Polaris Industries (PII -2.84%) reported second-quarter earnings that beat analysts' expectations on both the top and bottom lines, despite the harsh toll on profits that multiple recalls of its popular RZR side-by-sides has taken. The markets liked what they saw, even in the face of Polaris lowering its full-year outlook.
Shares of the powersports vehicle manufacturer rose as much as 4% following the earnings report, though they've settled down since. Here are four key items from its conference call with analysts that will likely impact results and performance in the immediate future.
1. It doesn't really have a handle on its RZRs' "thermal hazards" yet.
Although CEO Scott Wine said Polaris "discovered gaps in our design, development and manufacturing processes and are urgently addressing these gaps," the fact that the off-road vehicle maker just announced its fourth RZR recall in less than a year suggests it hasn't fully corrected the problem.
On Monday, Polaris issued a stop-ride/stop-sale advisory pending a formal recall for its MY2016 RZR Turbo off-road vehicles due to a potential fire hazard. The company says it's evaluating a comprehensive repair solution, which sounds like it has yet to trace the problem back to its source. Coming after its massive recall of 160,000 RZRs earlier this year for a similar fire hazard, this indicates Polaris is facing a major brand-reputation crisis.

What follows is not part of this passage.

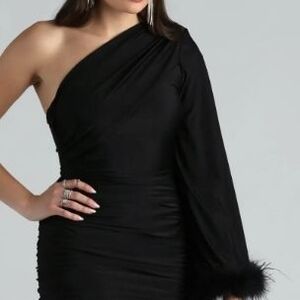 One Shoulder Marabou Feather Trim Mini Dress.Elegant Black One-Shoulder Dress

2. It's losing market share in off-road vehicles.
The recalls are obviously having an impact on sales, even if Polaris thinks it's mostly unrelated to them. During the conference call, Wine said Polaris lost a few points of market share, which he admits is unacceptable, even if it wasn't wholly unexpected. He pointed to the value end of the side-by-side market as the real problem.
"The bigger issue was on value ATVs and the utility side of the business," Wine said. He also noted that there's a plan in place to address the shortfall and generate a turnaround.
RZRs have certainly been the industry's most-popular trail vehicles since they were first introduced in 2007, but there are a lot of competitors on the market now. Polaris Industries can't afford to have its commitment to quality questioned by a relentless string of recalls.
3. The industry outlook is worsening, not improving.
The off-road and side-by-side industry still is weakening, as a continued slowdown in oil-producing and agricultural states drags down industry sales. Coupled with the recalls, though, this is a really inopportune time for this to happen to Polaris.
Arctic Cat (ACAT) recently introduced more-powerful, competitively priced Wildcats at the same time it expanded its new Alterra ATV brand. Last quarter, it reported a 38% jump in ATV and side-by-side sales. Even Wine had to admit Polaris' retail sales were weaker than expected, down by low double-digit rates for the quarter.
4. Motorcycles face tougher times, too.
While motorcycles remain a bright spot for Polaris, especially its Indian Motorcycle brand -- although Victory sales also finally turned up this quarter -- the U.S. market is facing particularly strong headwinds in consumer demand. Harley-Davidson (HOG -1.23%) just reported earnings that showed sales fell, yet again, down more than 5% this time, causing it to lower full-year shipment forecasts.
Certainly, Harley's previous outlook was too rosy, but Polaris CFO Michael Speetzen noted that, despite a 23% jump in sales and an increase in market share, "We are, however, lowering our full-year guidance for motorcycles to be up double-digit percent, taking into account weaker industry trends."
The bottom line
No doubt the recalls will be seen in time as transient issues on the road to future growth. But investors need to consider the impact these repeated problems will have on the brand's reputation, particularly as the competition heats up.
Motorcycles will also remain strong, but economic headwinds can't be ignored, either. Polaris reining in its growth estimates suggests there may be a time in the near future when slowing rates of growth become worrisome.
Polaris Industries is still the powersports vehicle leader, but its stock may not power up much further for the foreseeable future.